L’opera cattura lo sguardo dell’osservatore per l’essenzialità della forma e l’estrema cura dei dettagli, suscitando in ognuno suggestioni, emozioni e associazioni diverse:

“Non ho necessità di aggiungere niente di più rispetto a quello che ho fatto. Tu vedi quello che vuoi. Le parole che ti dico le riempi dei tuoi contenuti, dei tuoi significati. Mi limito a lasciare una cosa così com’è, posso parlare delle mie motivazioni, ma significherebbe chiudere una porta, avendo voce in capitolo. Significa chiudere una porta all’altro. Io invece voglio aprire le porte.”


Nella scultura di Jago è centrale il ruolo del corpo come dinamico, vivo e vitale. Le figure sono come attraversate da uno spasmo, catturate nel momento dell’azione; la cura dei dettagli della superficie, resa nei più fini dettagli della pelle, rende lo spettatore partecipe di una scena, non di una “mera rappresentazione”.


Come afferma Jago:

“Anche l’elemento umano del corpo… mi piace utilizzarlo come elemento grammaticale. Il mio vocabolario del corpo. Veicolo attraverso il corpo… (Il corpo) supera la prova del tempo. Un corpo è un corpo. Il tentativo di comunicare sempre allo stesso livello, essere sempre contemporaneo.”


“L'arte, se esiste un'arte, è un linguaggio... È una parola, quella. E tu la esprimi con la tua intonazione, con la tua vibrazione. Utilizzo un'immagine, quella immagini mi interessa per dire le mie cose, nel mio momento.”


Ne “La pietà” la ricerca di questa vibrazione è evidente: il volto disperato del Padre spinge lo sguardo sul corpo esanime, senza vita, del figlio. Il vigore dei corpi attira e seduce. L’assenza di riferimenti religiosi rende il tema della “pietas” universale, al di là del tempo e dello spazio.


L’opera si trova esposta a Napoli, presso la Chiesa di Sant’Aspreno ai Crociferi nel Rione Sanità.


Il talento di Jago va al di là delle sue opere. Giovane e attento ai linguaggi contemporanei, Jago ha voluto, fin dai suoi esordi, condividere con il suo pubblico ogni passaggio del proprio lavoro: dagli aspetti tecnici ai principi che animano la sua vena creativa.


I canali social dell’artista diventano quindi una vera e propria galleria aperta a tutti, nella quale esporre, raccontare e condividere.


Come sottolinea l’astista parte dell’opera è il processo di creazione e ricerca che la precede e la accompagna, non solo il risultato finale: “spesso il dietro alle quinte è molto più interessante dell’opera stessa!”, afferma.


Jago racconta:

“Dico sempre che faccio polvere e rumore.

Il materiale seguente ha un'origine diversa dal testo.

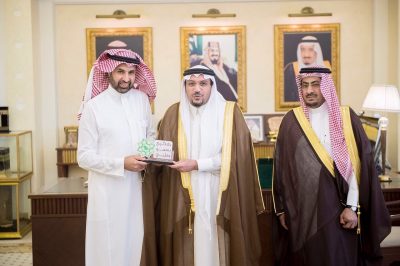 ‏أمير القصيم يكرم مدير المركز الثقافي ببريدة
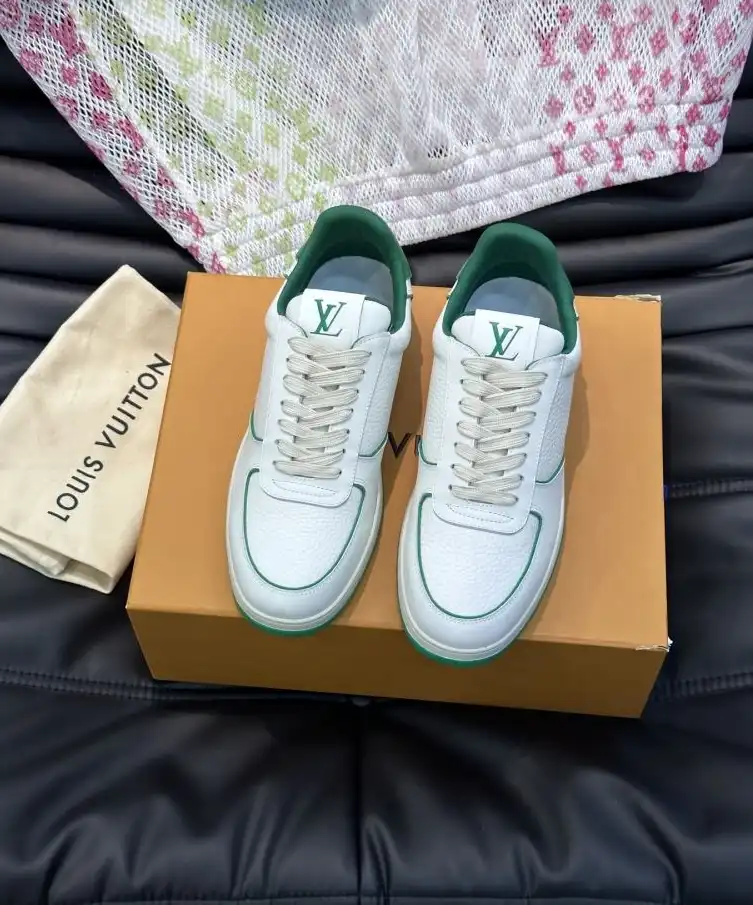 hype Louis Vuitton Sneakers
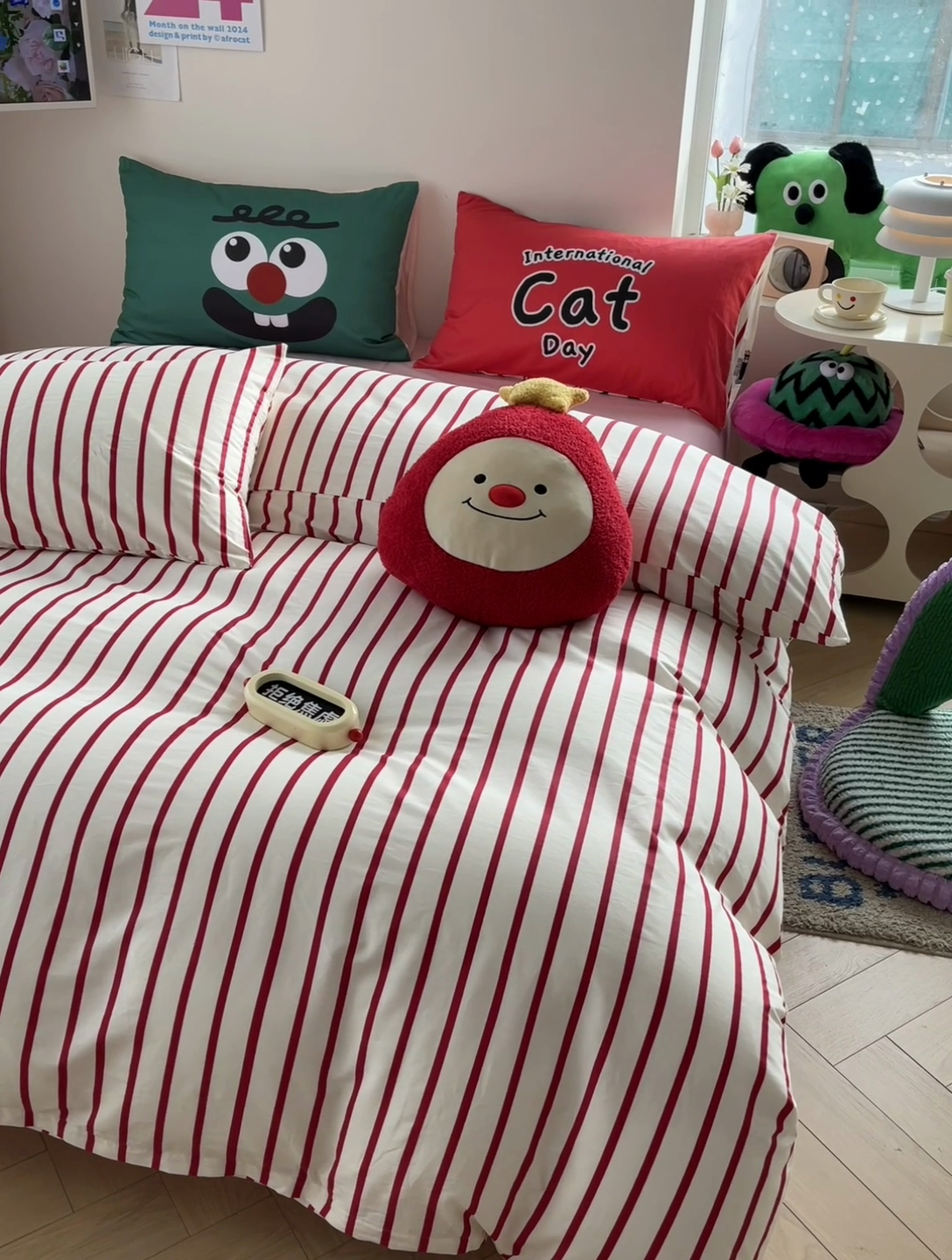 91家纺网 家纺一手货源 找家纺  2024新款大版枕套数码印花全棉四件套 红条纹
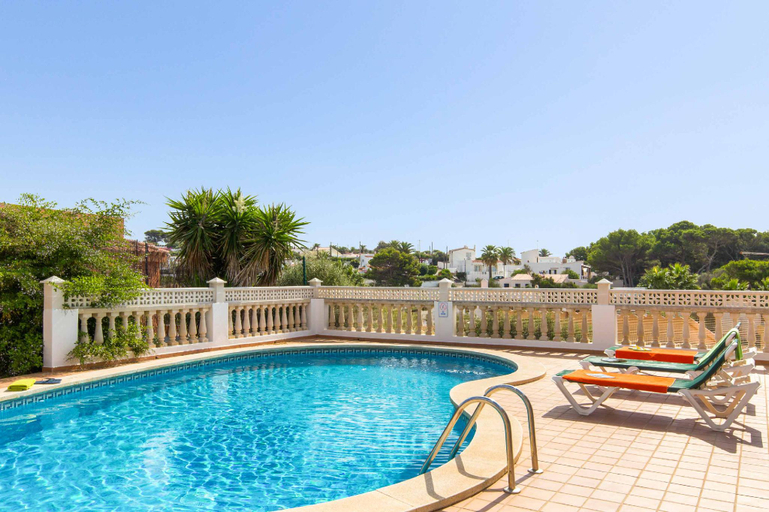 Others 2, Villa Olga, Baleares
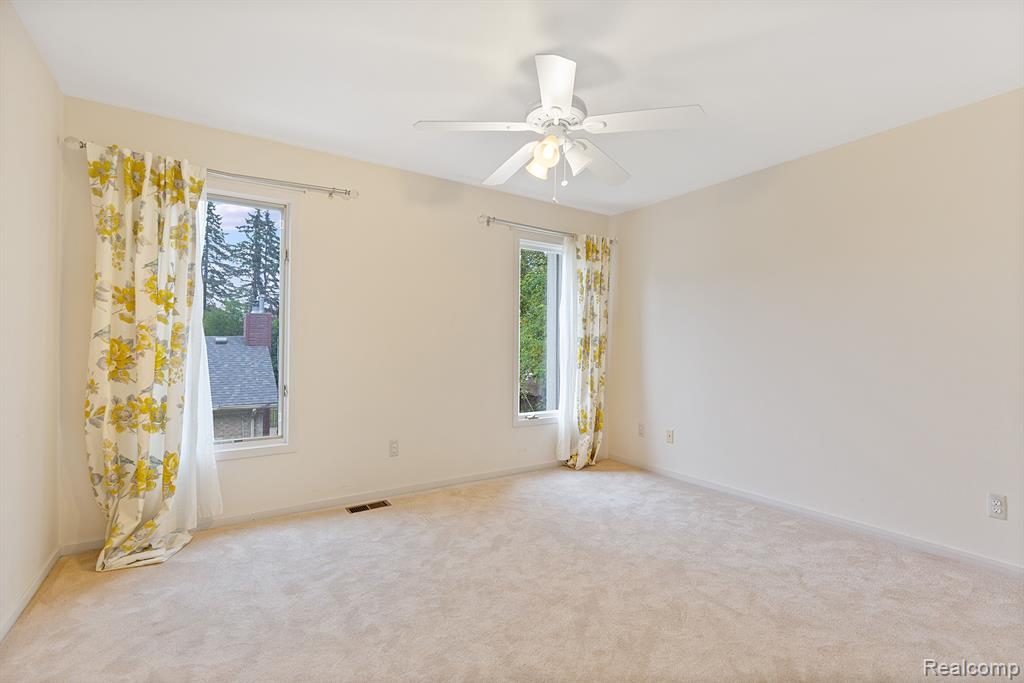 6786 TORYBROOKE Circle, West Bloomfield, MI 48323 — Photo 29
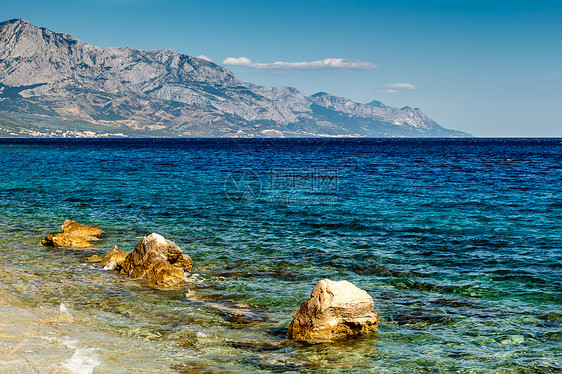 Bac的斯普利特和比奥科沃山附近美丽的亚得里亚海滩图片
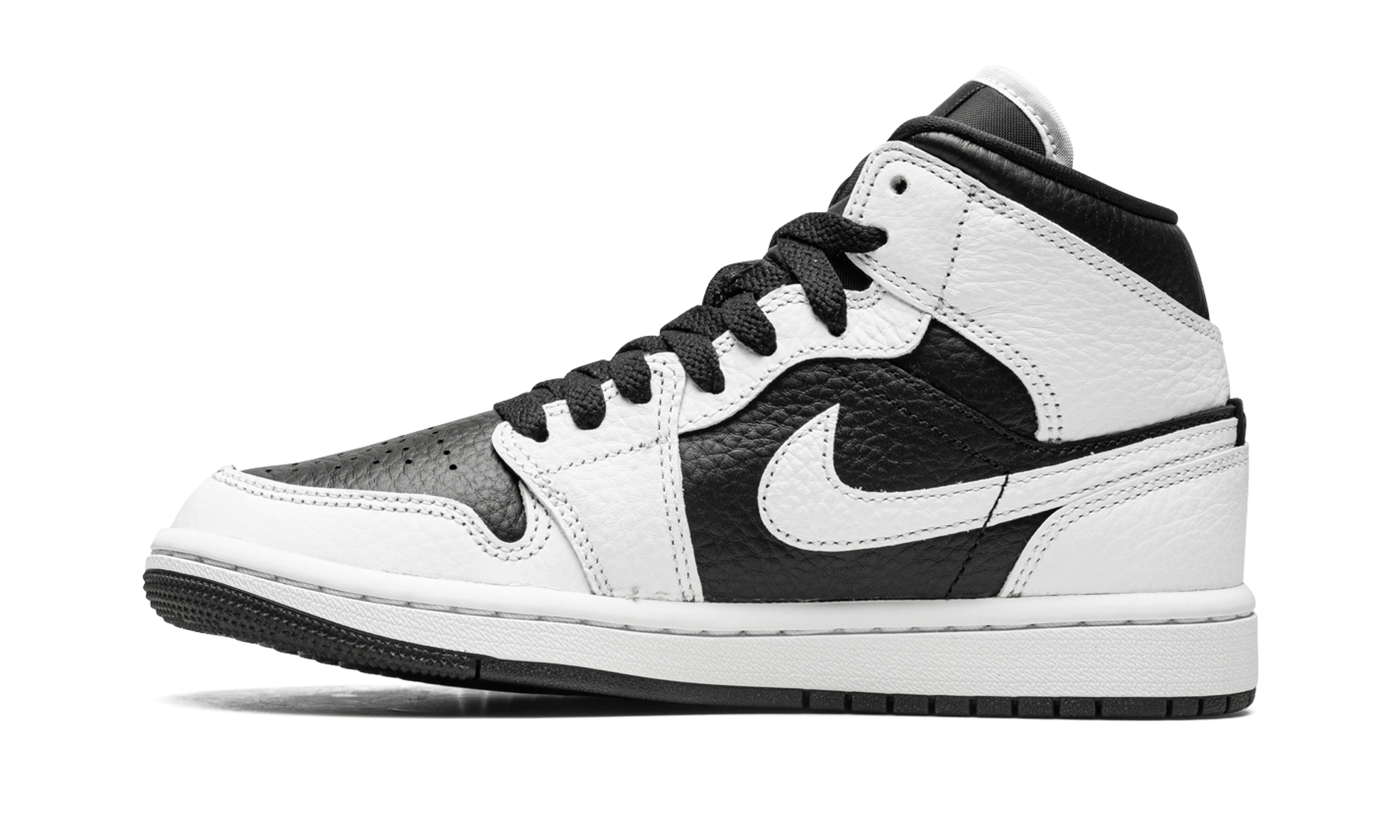 jordan 1 mid split black white women s+DR0501-101+diagnol right view 1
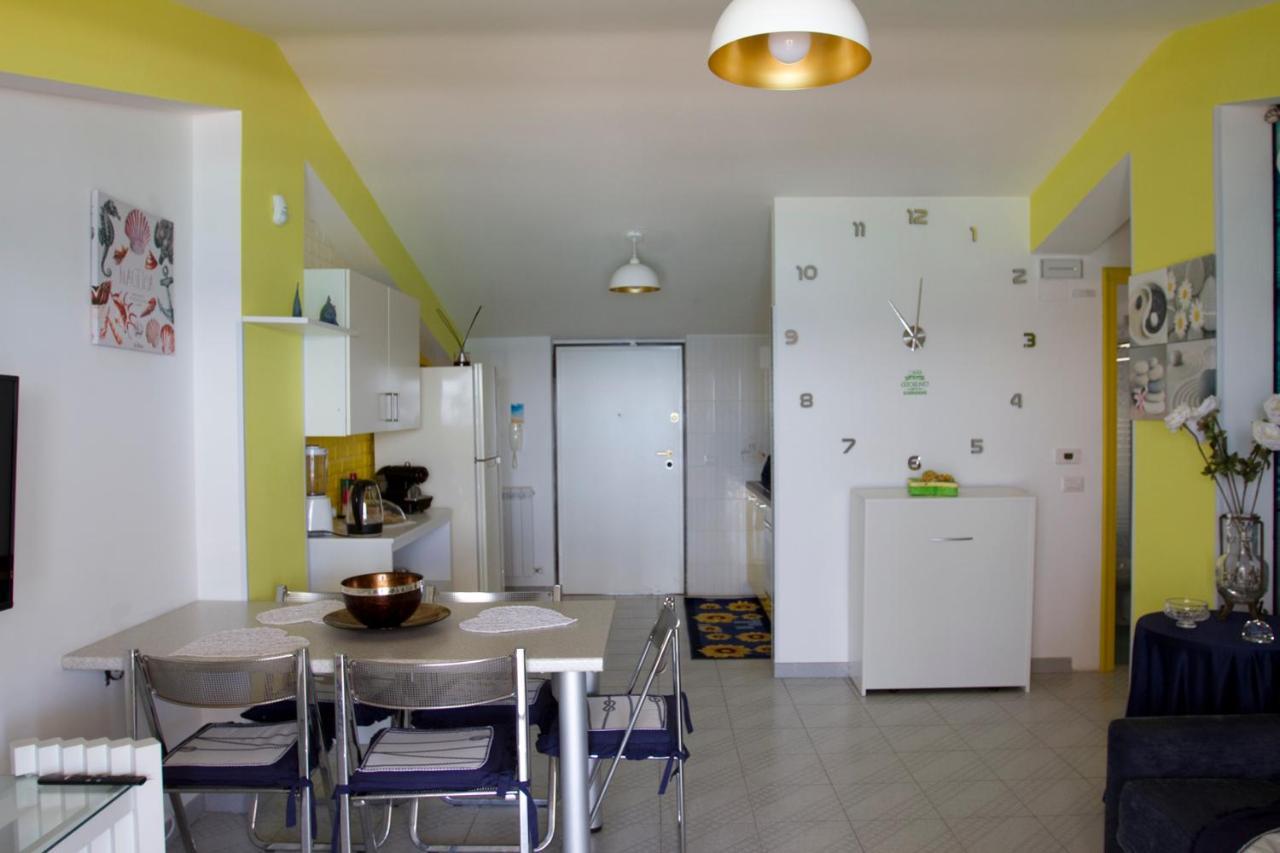 Apartament La Mansarda Marina di Gioiosa Ionica Zewnętrze zdjęcie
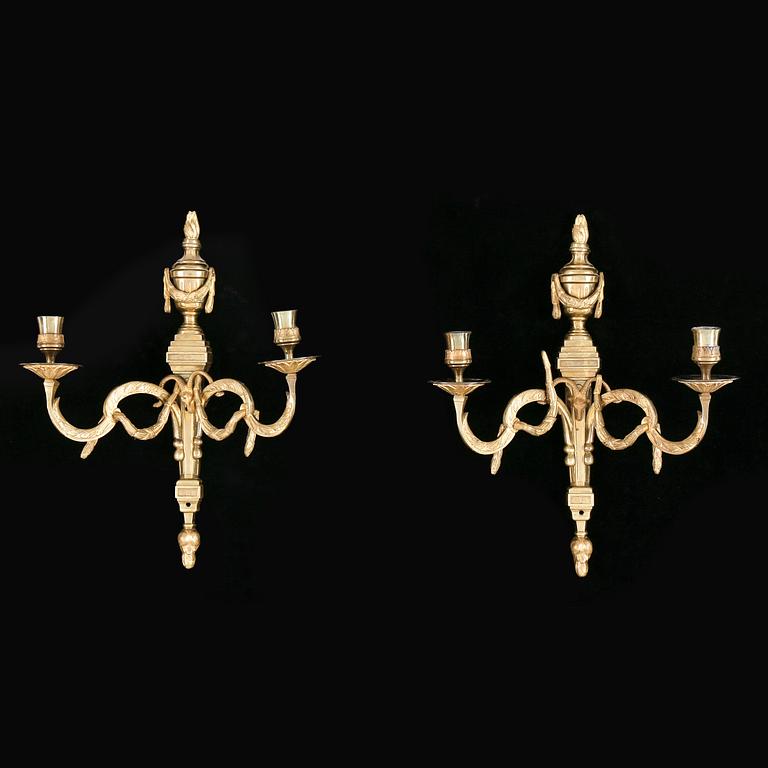 APPLIQUER, ett par, mässing, Louis XVI-stil, 1900-talets första hälft.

La polvere è la possibilità di lasciare un'impronta. Quella polvere si poggia, come quando appena nevica. L'impronta è la testimonianza della nostra immagine materiale, della nostra impermanenza. Si cancella anche lei. Per un attimo sembra che ci siamo perché abbiamo lasciato un'impronta.”


L’impronta assume quindi la funzione di atto, segno, significante aperto ad ogni possibile significazione.


“Evitare di spiegare ciò che c’è a monte rende l’immagine di tutti, ognuno vi partecipa in modo diverso.”


L’arte è sempre stata uno degli ambiti di maggior interesse per la psicoanalisi. Se per molti l’opera d’arte costituisce un canale per conoscere l’inconscio dell’artista, Lacan ha sottolineato nei suoi seminari come l’opera stessa possa essere intesa come una formazione dell’inconscio, frutto cioè delle stesse leggi che regolano l’inconscio.


L’arte come linguaggio, come sottolineato da Jago, si colloca proprio lungo questo solco: non si tratta di evocare un significato rimosso o remoto, ma rendere possibile quel lavoro aperto del significante che conduca all’emergere della realtà soggettiva di ciascuno.